‘’Keşf ilham  ve  keramet.’’...

Bilginin yerine ikame edildiği gün bu ismismarın  kapısı ardına  kadar açılmıştı aslında.

İçine ne  koyarsanız koyun  kabul dedirtecek ve subjektif değerlemeye açık  ve  müsait bir zemin oluşmuş oluyordu.

Kişiye özel  mahrem  haller olmaktan  çıkıp genelleştirilerek kitleler ( baskı  demiyeceğim ama) etki altına  alınıyordu.

 Youtube de ‘’keramet’’ reklamlarına ve bunun yanında

‘’Keşf ve ilham’’   sohbetlerinin  ‘’Biricik’’ Bilgi kaynağı oluşuna şahit olun.

Sanki sufi düşünce sistematiği ,sadece  rüyalardan ibaretmiş gibi bir kanıya varacaksınız.
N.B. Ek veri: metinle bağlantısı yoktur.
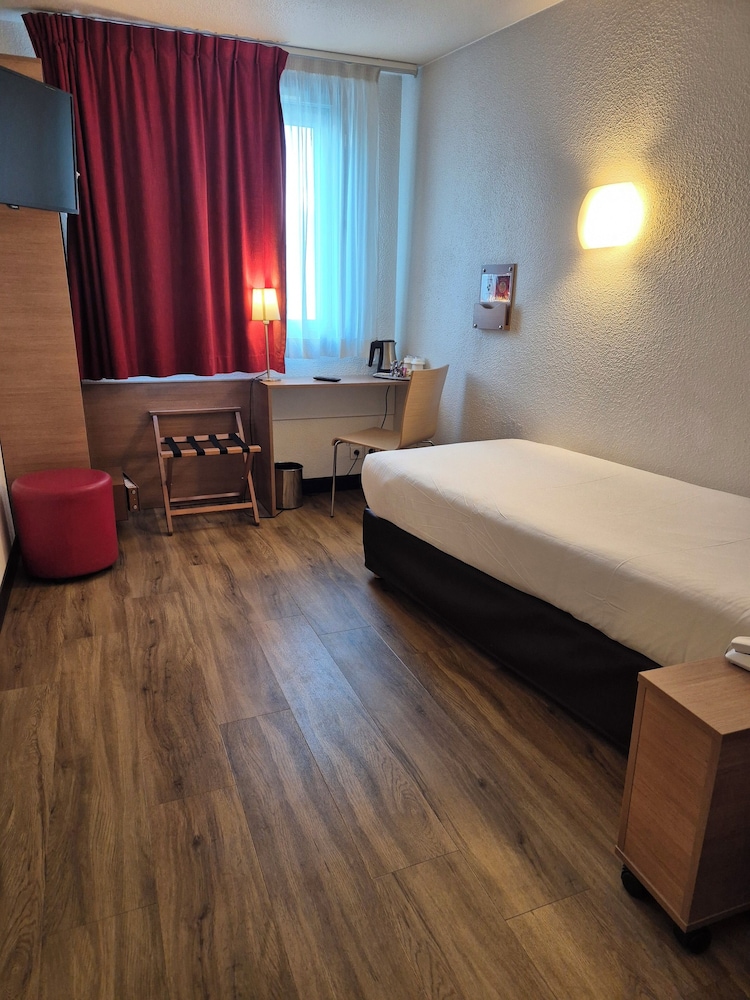 campanile hotel paris bercy village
Zihininizde sorgulama emareleri belirecek, anlamaya çalışacaksınız.

Bildikleriniz ve okuduklarınız ile

Duyduklarınız ve  gördükleriniz arasında  bağ kurmaya çalışacak ancak çoğu  kez ikna olmayacaksınız.

Bu durumu onlar ‘’ teslim ol kurtul’’ bu buhrandan  diyerek tefsir edecek,  ama senin aklın ve duyguların ise itiraz sancıları içinde kıvranacaktır.

İlahiyat bilimleri açısından bakıldığında  meselenin uzun uzun  analizi yapılabilir burada oraya fazla  girmeye gerek yok.

Ancak İslami hayat tarzının ve tavrının sadece ‘’ keşf keramet ve  rüya’’ üçlüsünden  oluştuğu algısı meselenin ne  kadar sıkıntılı bir alan  olduğunu ilan eder.

Tamamen bu zemin üzerinde yapılan  istismardır karşı olduğum  nokta.

Yoksa kimsenin yaşadığı mistik hayat beni ilgilendirmez ve karışmak haddim de  değildir.

Benim düşüncelerim ve  yazdıklarım da  hakikatin tek adresi değildir (haşa)

‘’Ancak buram buram istismar kokan ve insanların inançlarıyla aldatıldığı,akıllarıyla duygularıyla alay edildiği bir ortamı yaşıyoruz’’şeklinde bir düşünceye sahipsem  bunu da  paylaşıyorsam  bunun  fikir hürriyetim açısından değerledirilmesini beklerim.

Bir sufi düşünce insanı için ‘’mahrem’’ olması gereken ,özel kabul edilmesi beklenen ,hatta başkalarının şahid oluşundan hicap( utanma mahcubiyet)duyulması münasip olan bir mevzunun ‘’ reklam  edilerek’’ ifşa edilmesidir  yakışıksız olan.

Konunun  muhataplarının böylesi bir durumdan  memnun halleri adeta bu durumu  körükleyen tavırları meseleye ‘’tevazu’’ faziletinin zayi edildiği bir görünüm vermekte.

Bugün malesef en fazla  göze  batan da  budur.

Ve bu durum..

Maneviyat tüccarlarının(!) komisyoncularının(!) cirit attığı sınırı belirsiz bir problem  alanı olarak ciddi travmalara sebep olacaktır.